Chronic plaque psoriasis is the most common autoimmune disease in the USA, affecting approximately 2.2 % of the population [1]. Psoriasis is associated with significant clinical and emotional morbidity; in particular, it impacts individuals’ work and social lives and leads to reduced quality of life [2, 3]. Individuals who do not experience acceptable levels of skin clearance with topical treatments and phototherapy or for whom topicals and phototherapy are not practical may be treated systemically with oral agents, such as methotrexate or ciclosporin, or with injectable biologics. Several biologics are currently indicated for psoriasis, including etanercept, adalimumab, infliximab and ustekinumab. The choice of the first-line biologic therapy, as well as subsequent treatment in those patients who fail or who are intolerant of the first-line biologic treatment, is not yet standardized, and data evaluating treatment-sequencing strategies are generally limited to estimates of efficacy for a biologic in individuals who have already failed treatment with any other biologic [46].
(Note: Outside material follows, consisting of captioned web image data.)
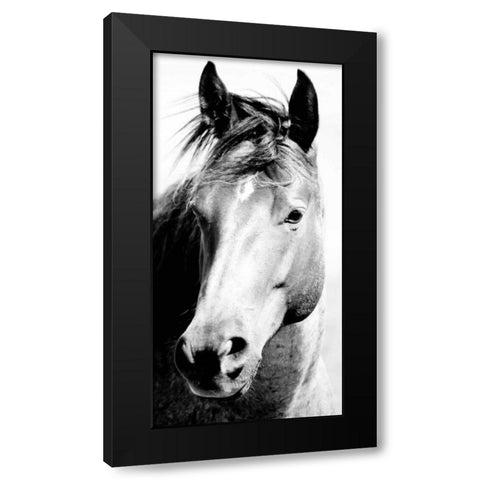 Wild Whispers I Black Modern Wood Framed Art Print by Corpeny, Peggy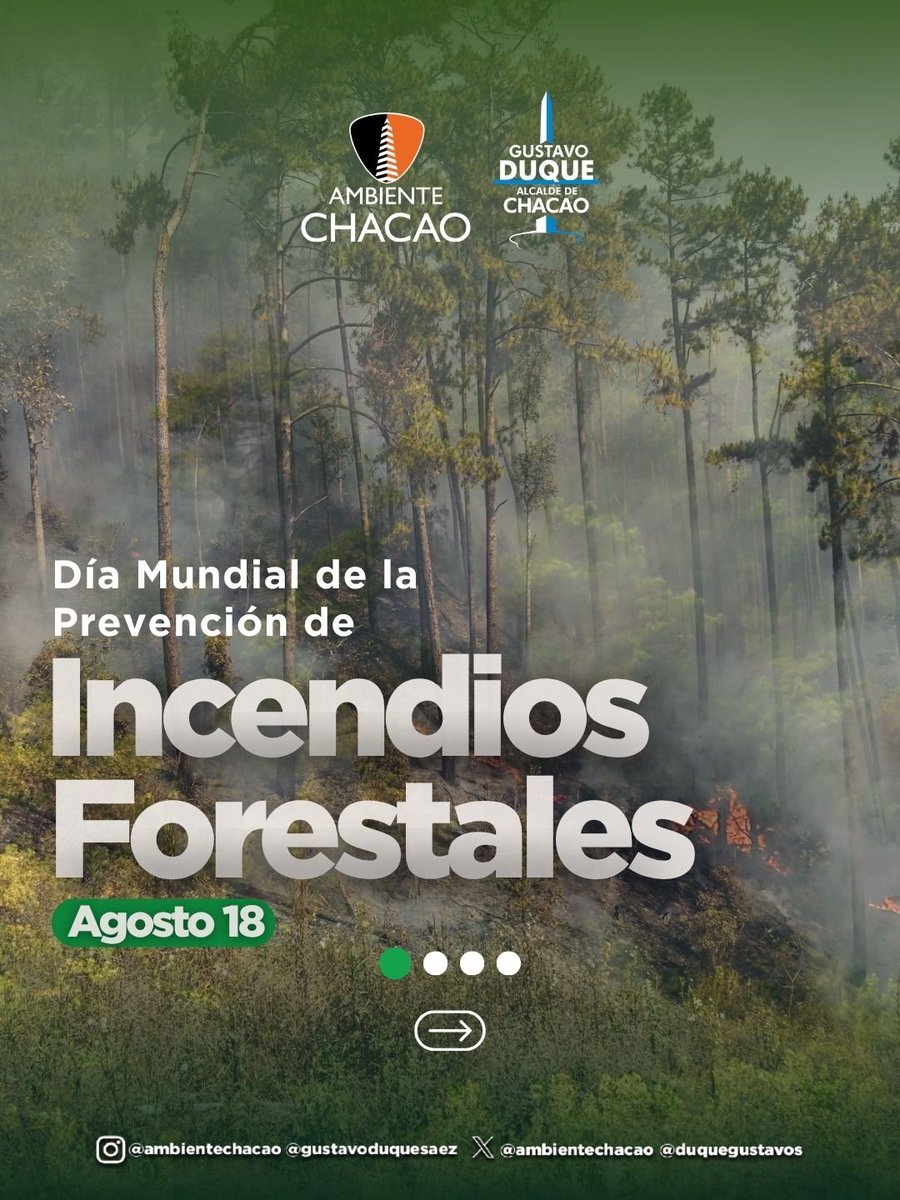 AmbienteChacao's tweet photo. En el Día Mundial contra los incendios forestales ante los cambios por fenómenos climáticos, debemos tomar medidas: No arrojar colillas, podar la maleza, no dejar basura en la naturaleza, controlar la quema inescrupulosa en áreas verdes. ¡Cuida el medioambiente!
 @duquegustavoS https://t.co/3yhU6CoNM7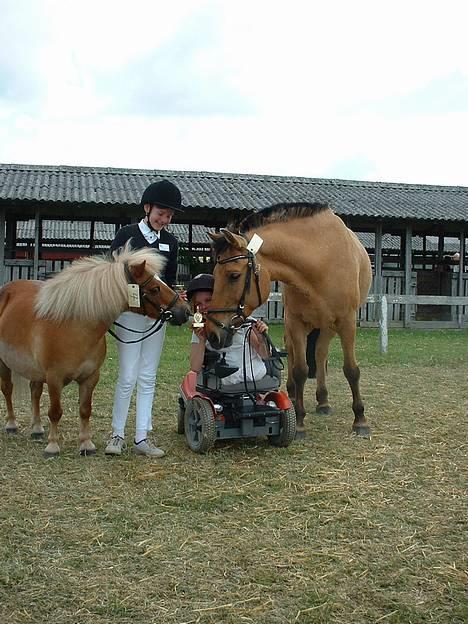 Shetlænder Sanne Bomlund  - Sanne på det Fynske Dyrskue 2005. Her sammen med sin ven, Pontus. Vi havde lige vundet Mønstringskonkurrencen billede 2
General guidance on when and how to include treatment sequencing in cost-effectiveness models is equally limited. Health technology assessment (HTA) guidelines for cost-effectiveness modelling for chronic diseases from the National Institute for Health and Care Excellence (NICE) and other HTA agencies (e.g. the Pharmaceutical Benefits Advisory Committee [7], Canadian Agency for Drugs and Technologies in Health [8] and recent guidelines from the International Society for Pharmacoeconomics and Outcomes Research [9]) recommend performing cost-effectiveness analyses for as long as a new treatment impacts costs and health outcomes. However, these guidelines lack specific recommendations on best practice for selecting alternative treatment-sequencing strategies. In addition, many cost-effectiveness models for new treatments for chronic disease that have been submitted to NICE and other HTA agencies or that have been published in peer-reviewed literature have not attempted to capture the impact of alternative assumptions about treatment sequencing on the cost effectiveness of new treatments.
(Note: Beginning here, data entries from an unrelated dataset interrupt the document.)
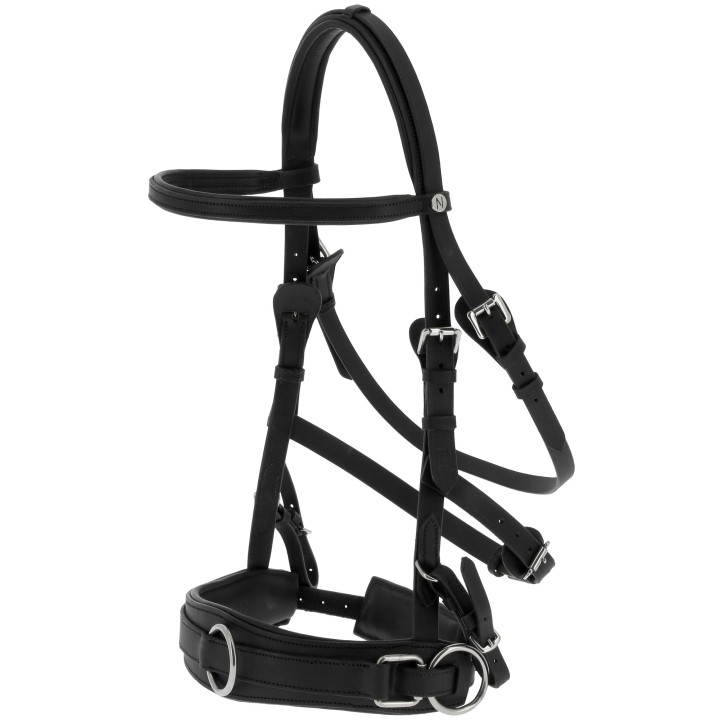Caveçon large Norton | Horse Discount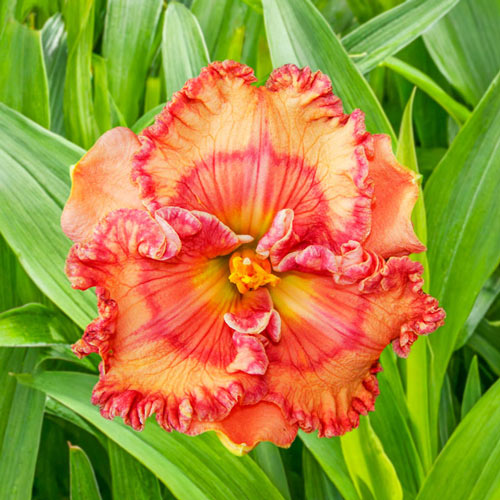 Fascinating Colors Reblooming Daylily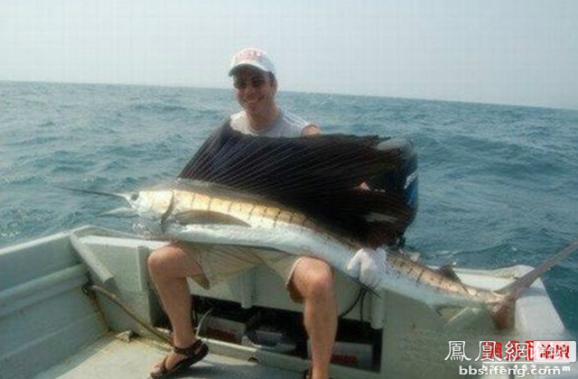 �����𾪵ľ������� �����������Ȥͼ��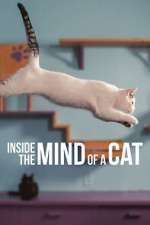 Watch Inside the Mind of a Cat Alluc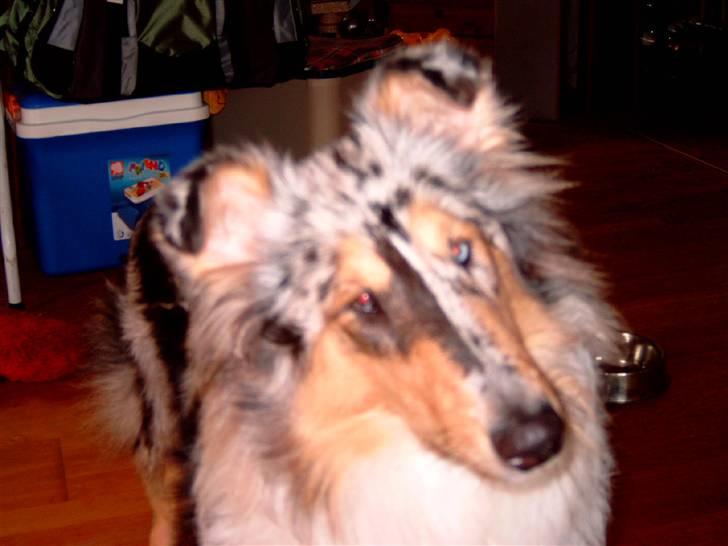 Collie langhåret Wendy billede 9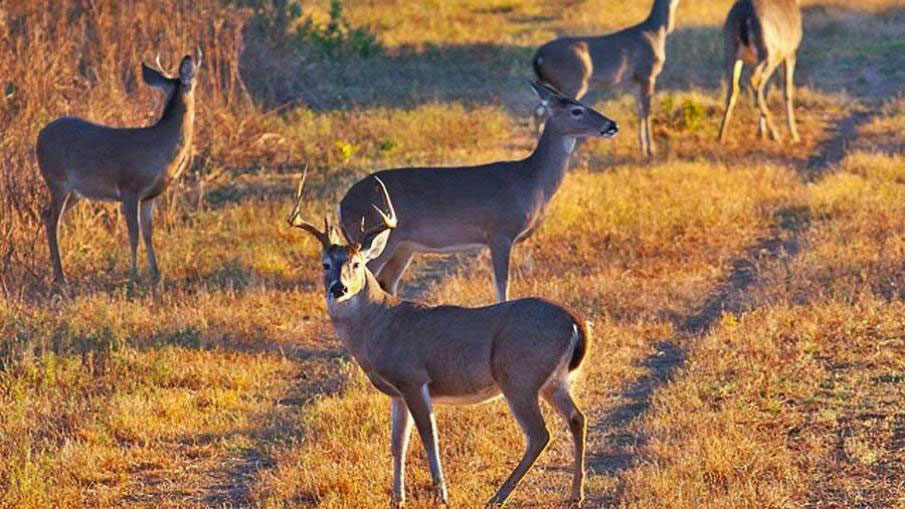 Stating Deer Harvest Goals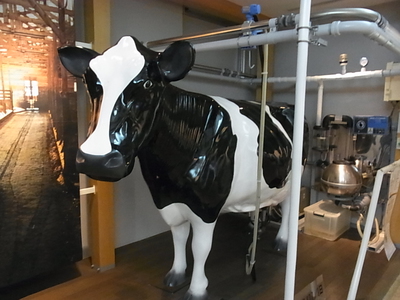 乳を搾っている牛の模型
In this paper, we present a systematic literature review and detailed analysis of the assumptions about treatment sequencing after failure on a first-line biologic included in published cost-effectiveness models of biologic therapy in adults 18 years of age or older with moderate to severe chronic plaque psoriasis. We compare these modelling assumptions with the recommendations from the most recent treatment guidelines for treatment after failure of first-line biologic therapy for North America and Western Europe, and we assess the value to decision makers of models that account for treatment sequencing after failure of the first biologic.

2 Methods

Systematic literature searches were undertaken for two specific topics: (1) cost-effectiveness models for biologic treatments for moderate to severe chronic plaque psoriasis; and (2) treatment guidelines for moderate to severe chronic plaque psoriasis.

2.1 Literature Search

This review was performed systematically in an unbiased manner by using a pre-specified protocol and an explicit, reproducible plan for literature search and synthesis (study protocol available on request from the authors). Economic analysis (cost minimization, cost-effectiveness analysis, cost-utility analysis and cost-benefit analysis) and clinical practice guidelines (CPGs), developed using rigorous methodology, were included in this review.
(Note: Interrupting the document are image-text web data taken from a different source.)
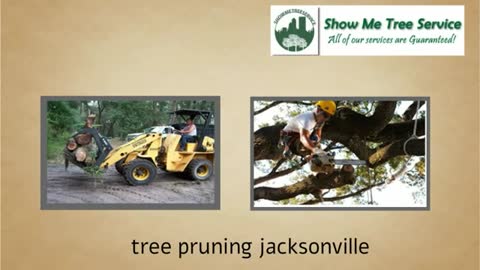 tree trimming jacksonville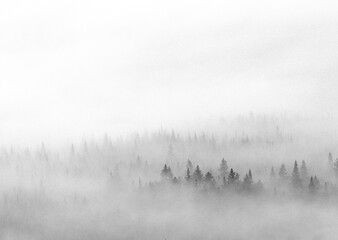 Layers of pine trees disappear in to the mist in the Maine woods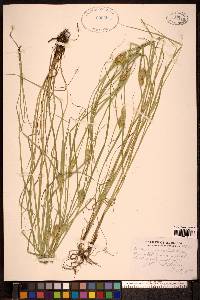 Carex sychnocephala image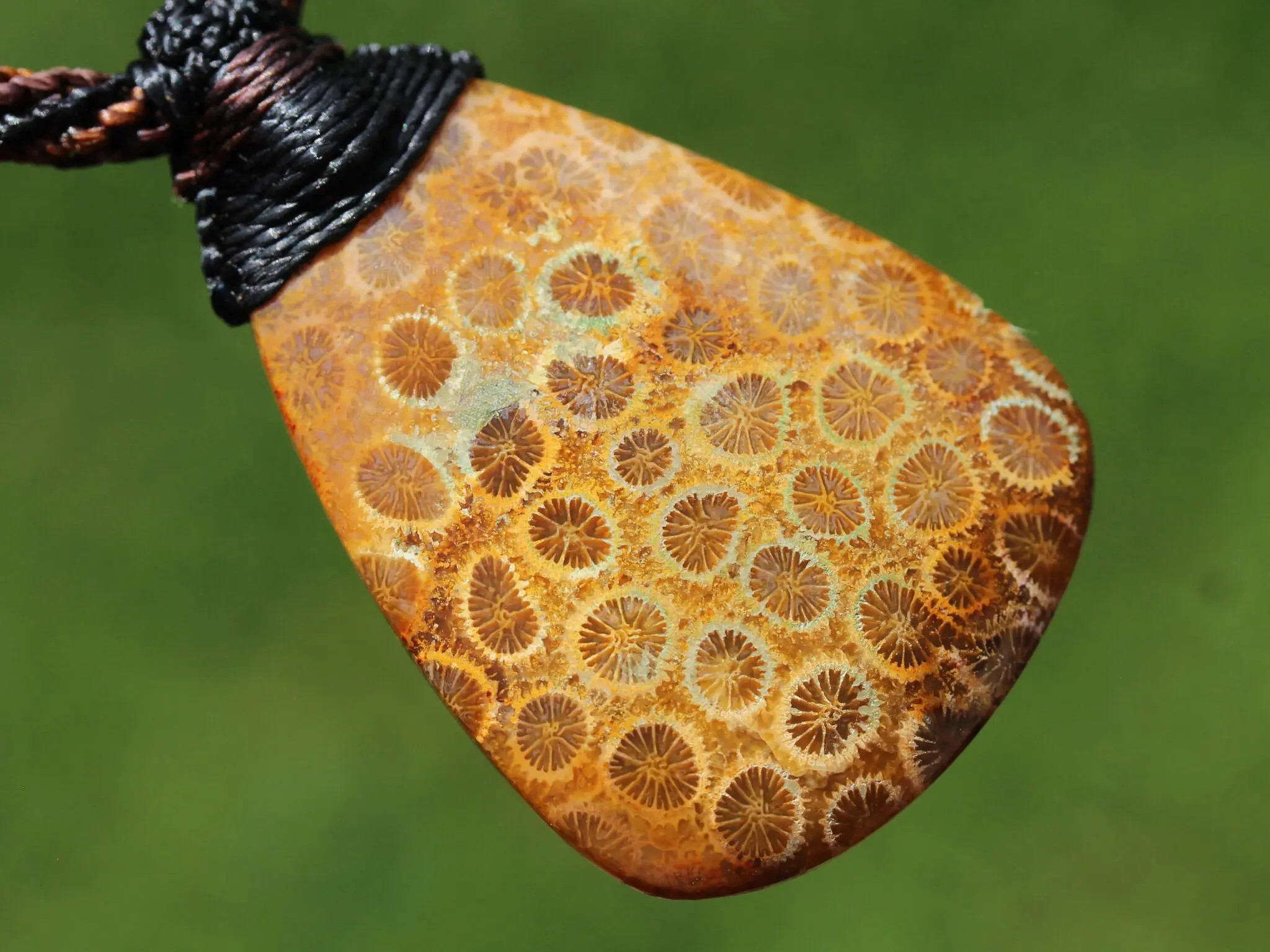 Ancient Red Coral Fossil Necklace • Healing Crystal Talisman • Elven Gemstone Pendant • Australian tropical cord , Summer surfer necklace - Image 2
Searches to identify economic analyses were conducted from 1 January 1990 to 20 February 2013, to ensure that this review captured any economic evaluations for off-label biologic treatment of psoriasis that could have been published before that indication was approved. No limitations on publication language or geographic perspective were applied for the economic analysis searches. For the CPGs and treatment patterns, since no biologic was indicated for psoriasis prior to 2000, searches were initiated from 1 January 2000 to February 2013. No language limitation was applied during searches, although only those studies published in English for Europe or North America were included in the final review.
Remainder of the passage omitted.